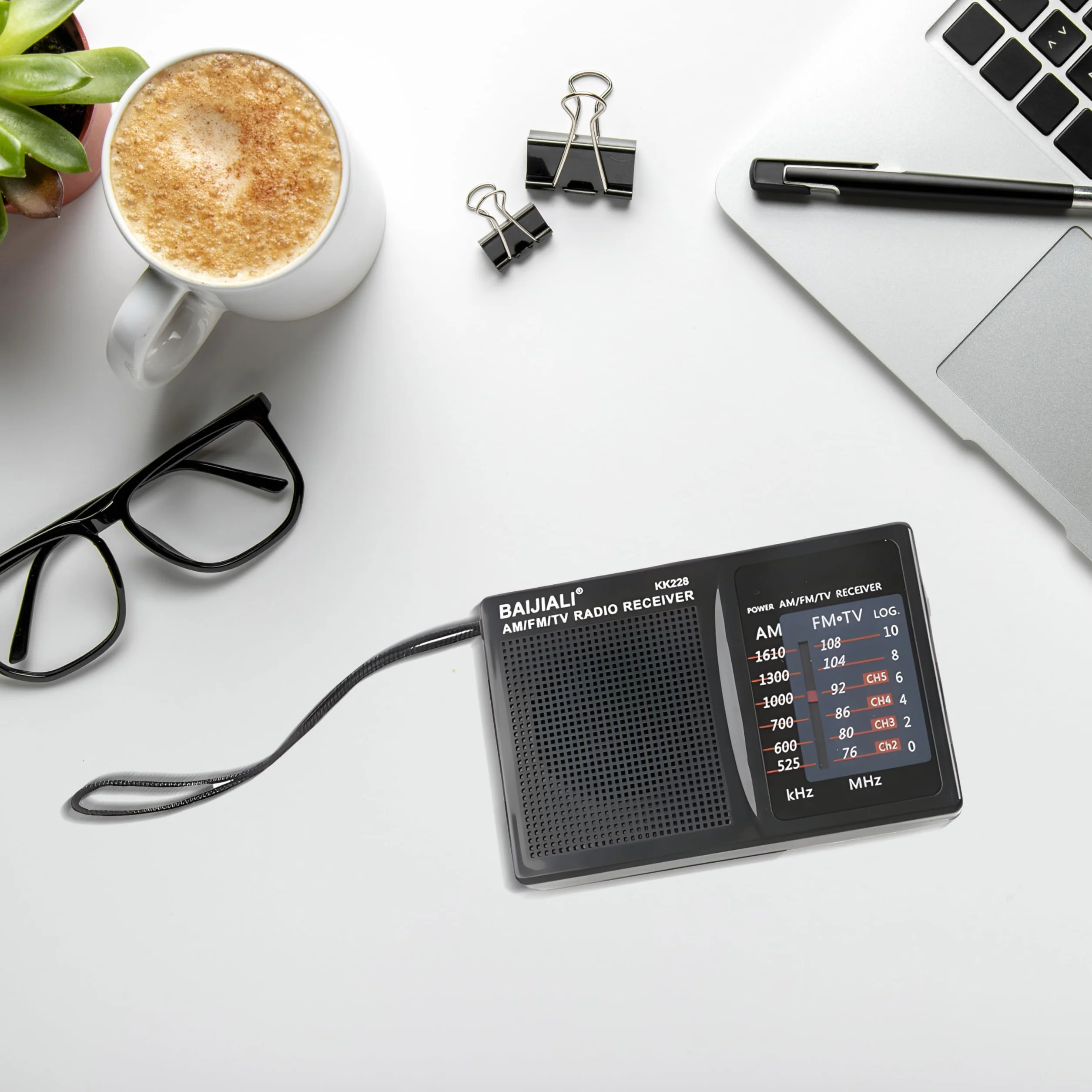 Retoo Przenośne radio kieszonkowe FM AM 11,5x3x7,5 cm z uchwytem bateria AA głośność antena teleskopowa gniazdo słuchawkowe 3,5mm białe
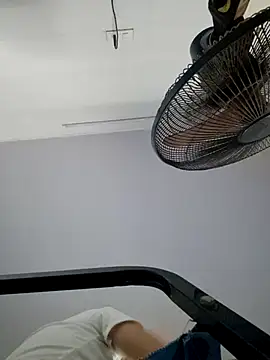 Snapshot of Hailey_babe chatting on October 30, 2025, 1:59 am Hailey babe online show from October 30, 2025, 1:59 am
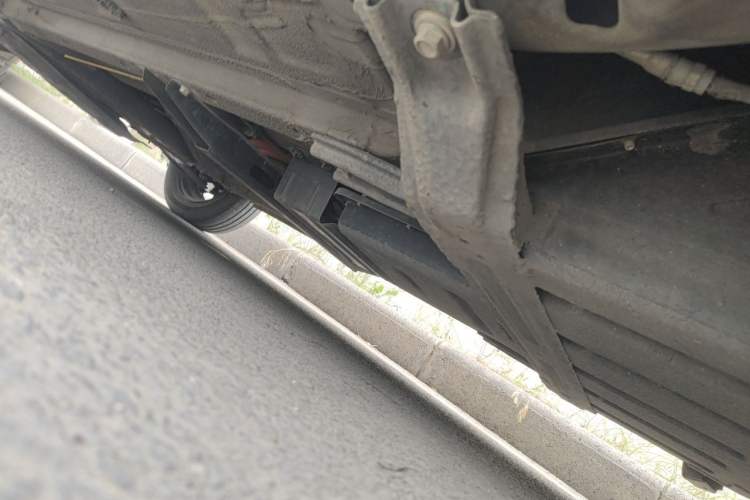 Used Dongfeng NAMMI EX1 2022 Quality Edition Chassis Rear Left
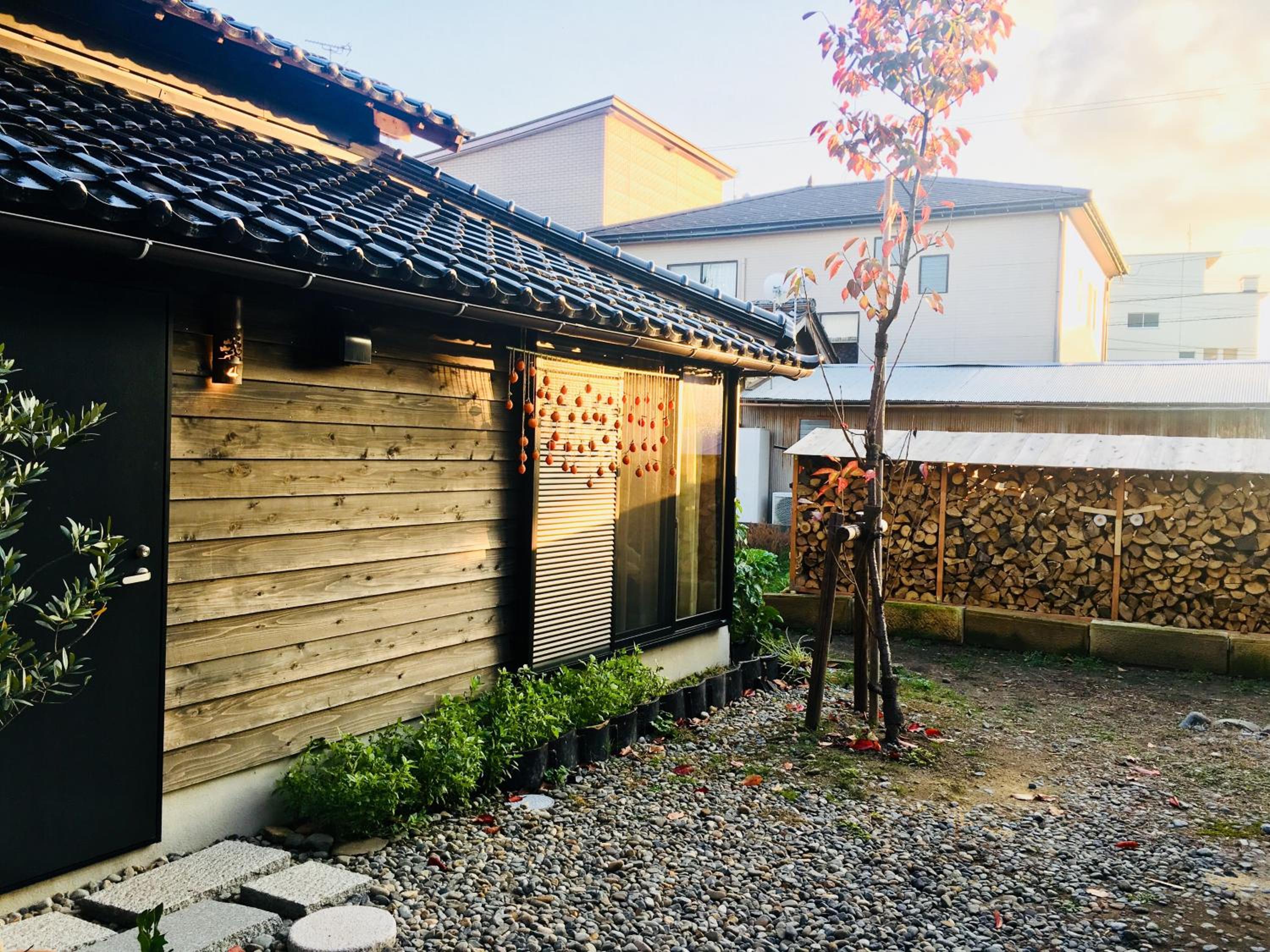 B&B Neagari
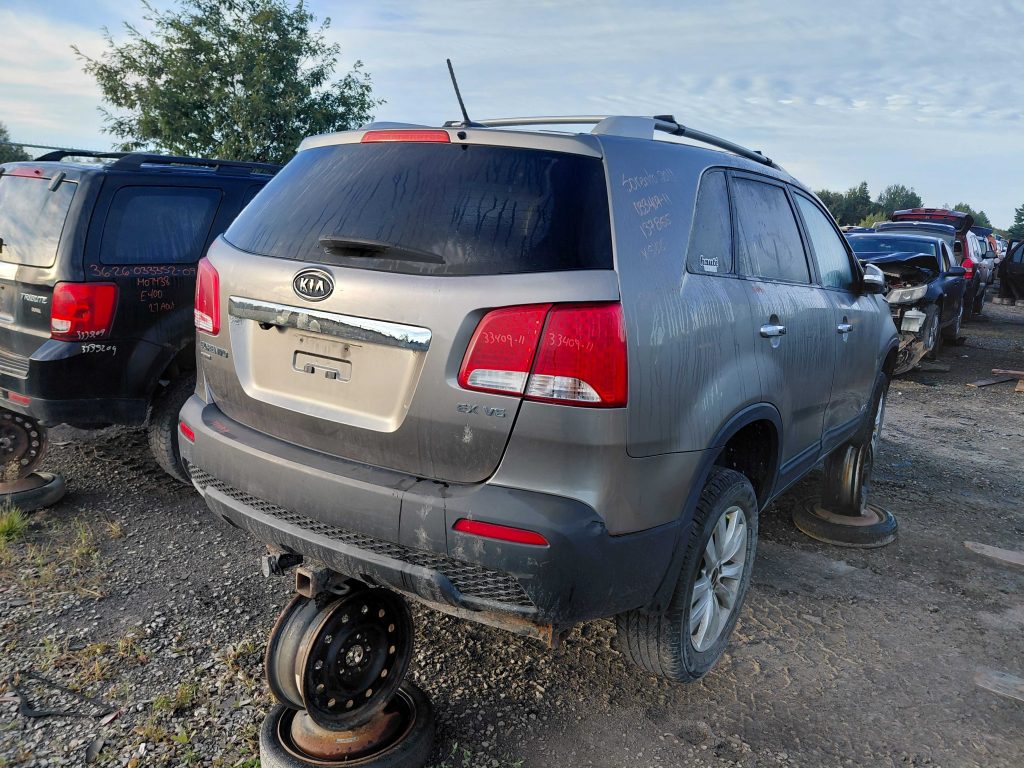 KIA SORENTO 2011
-=-=-=-=-
# Task brief
Each line above should be returned exactly as written, apart from any pictures.

# Written answer
 Retoo Przenośne radio kieszonkowe FM AM 11,5x3x7,5 cm z uchwytem bateria AA głośność antena teleskopowa gniazdo słuchawkowe 3,5mm białe
 Snapshot of Hailey_babe chatting on October 30, 2025, 1:59 am Hailey babe online show from October 30, 2025, 1:59 am
 Used Dongfeng NAMMI EX1 2022 Quality Edition Chassis Rear Left
 B&B Neagari
 KIA SORENTO 2011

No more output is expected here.